作り手たちは、この映画で僕ら観客に魔法をかけようとしたんでしょう。催眠術師のメリットのように。
こういう楽しいひとときをすべての人々が味わえるように、って。
映画が現実を変える。それこそ史上最大のマジックだ。
この映画の途中まで、僕はちょっと期待していたんです。
この映画の登場人物たちが、僕たち観客に現実を変えるほどの魔法をかけてくれるのを。
作り物の投影でしかない「映画」と観客が、スクリーンを越えて交感する素晴らしいエンディングを。
ピーター・パンがティンカー・ベルの命を救うために、読者の子どもたちに「拍手」を求めたように。
惜しいなぁ。
まぁ、そんな感じでぶつくさ文句も言ってきましたが、いろいろと想像を羽ばたかせてくれるなかなか楽しい映画でしたよ。

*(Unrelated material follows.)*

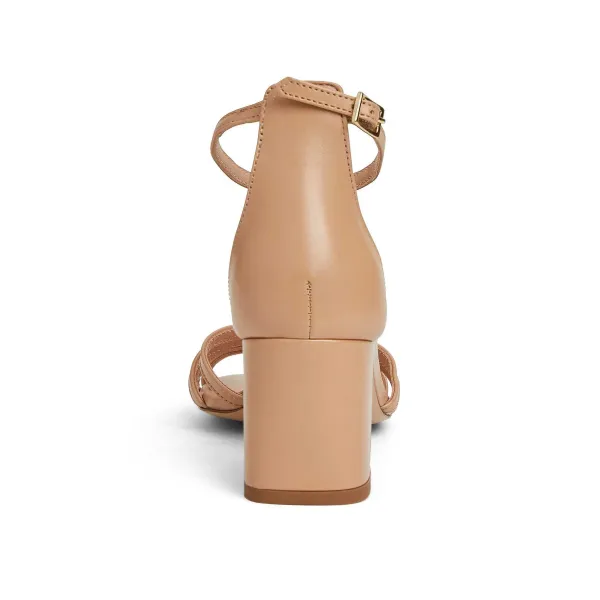 Bruno Magli Felicity Strapped Al Low Heel Sand Online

ちなみに、ジャックを演じるデイヴ・フランコは、ジェームズ・フランコの弟。たしかに似てるね。
ジェシー・アイゼンバーグはいつものように早口で女の子からは「冷たい」と言われてるし、ウディ・ハレルソンはハゲてるし(おなじ監督による『トランスポーター』のジェイソン・ステイサムからのハゲつながりか?)、メラニー・ロランはかわいかったし、あいかわらずモーガン・フリーマンはどこにでも出てくるし。
「実写版ルパン三世」といいながらもシリーズ化は難しい作品だけど(どうやらオリジナル版にはエンドクレジットのあとにつづきがあるようなんだけど、日本版にはなかった)、気になってるかたはごらんになってみてはいかがでしょうか。